My only concern is that I'm coming close to the 500 mark and I think that the supporters have to have the user title manually upgraded. At least my points have a fairly high singnal and low noise radtio.


----------



## MarkA

jrjcd, Neil was refering to me. Like, duh! And no - I NEVER spammed the board, or tried to artificially increase my post count. But if that's what they want to think quite honestly, I don't care


----------



## jrjcd

"some folks" is plural....both you and i...


----------



## MarkA

Gosh, honestly this place is starting to remind me of somewhere else.


----------



## James_F

Don't you just hate it when everyone is against you Mark?


----------



## Scott Greczkowski

Then Mark go somewhere else.

You are now on a week long vacation.

Enough already.


----------



## Geronimo

I wish we had never come up with the titles. This worked best as a classless society. And yeah I know it still does not have any class.


----------



## Nick

You have the right to remain silent;
you have the right to an attorney.
If you waive your right to remain silent,
what you say can be held against you
in a court of your peers


----------



## Karl Foster

> _Originally posted by Geronimo _
> *
> Weird stuff but hey it happens. My friends the Navajos discuss the concept of a life that is out of balance. It alters ones perspectives. I think that happened here. *


But Geronimo was an Apache, not a Navajo. 

And I was almost to 500!


----------



## Geronimo

Thats why the Navajos are my friends instead of part of my tribe.


----------



## Chris Blount

Actually the users titles are okay it's just that people found a way to abuse them. No big surprise. Just human nature I guess. 

Mark getting sent on vacation should be no surprise to anyone. This isn't the first forum he has been banned from. Over the past year we had warned him several times about his conduct here. He says he's sorry and then a month later he is right back to doing the same things. 

We will allow him to return. He's a good kid and very knowledgeable about a great many aspects of DBS, computers and electronics. I just hope he realizes that his actions have consequences. We try to be pretty liberal around here but we are also human and can only put up with so much crap. 

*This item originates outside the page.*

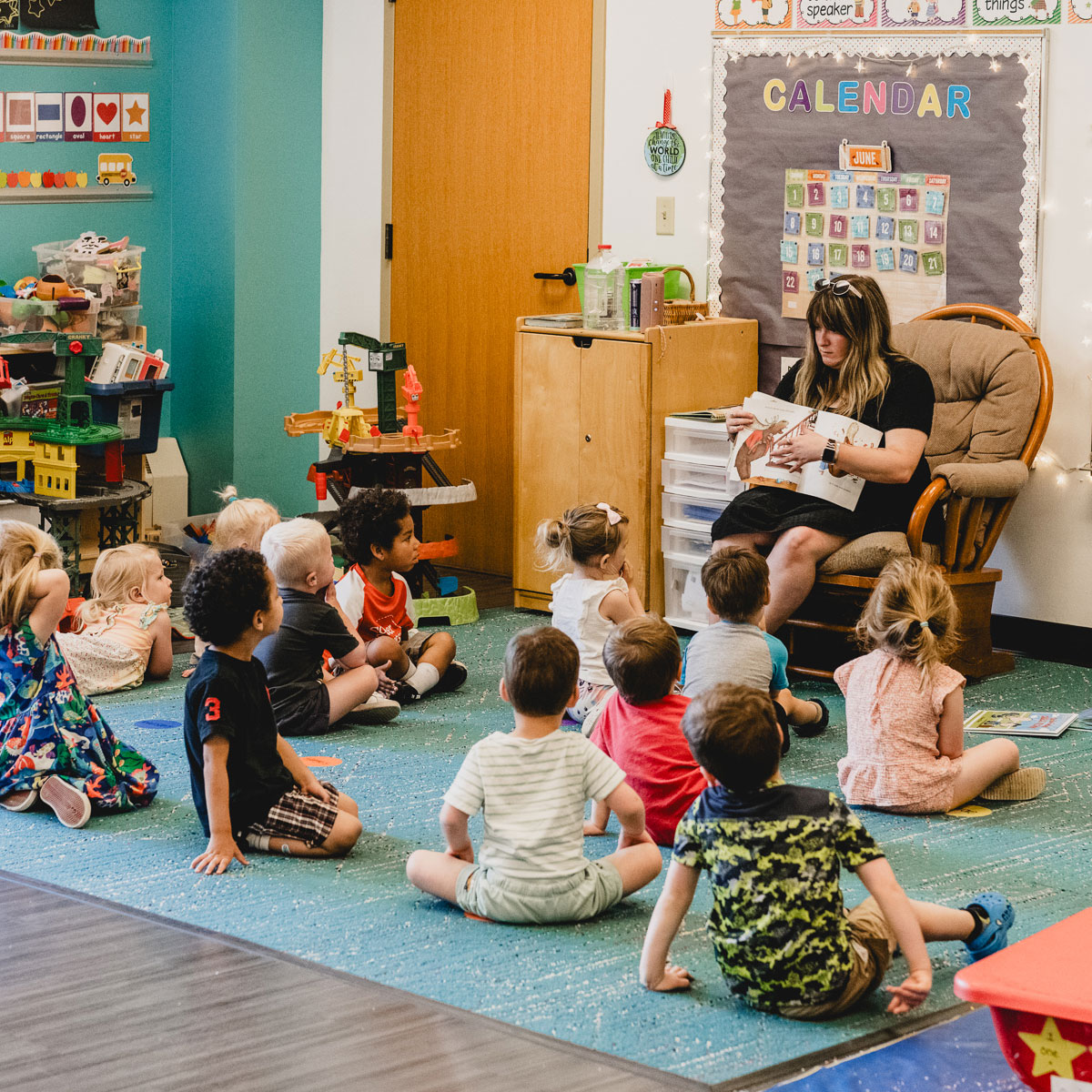 Kids classroom reading time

Some of you may not agree with this but I just wanted to let you know where we are coming from.


----------



## John Hodgson

er, ah, but ........ biting my tongue ..........


----------



## Rick_EE

I gotta believe that Dan Collins, if he reads this, will have a good chuckle.


----------



## James_F

The fact that some people are too immature, shouldn't take away from what Chris, Scott, Steve, Mark, John and Neil have done. I'm sure after this blows over, and people reassess what this board is about, we'll be back to normal. I'm glad they are making a commitment to a DBS site with general discussions instead of a general discussion site with DBS. Keep up the good work guys! :goodjob:


----------



## jrjcd

"some people"...some folks"...

say what YOU will neil, but i'm getting the message loud and clear...

( and this after i tried to walk away from it a second time)...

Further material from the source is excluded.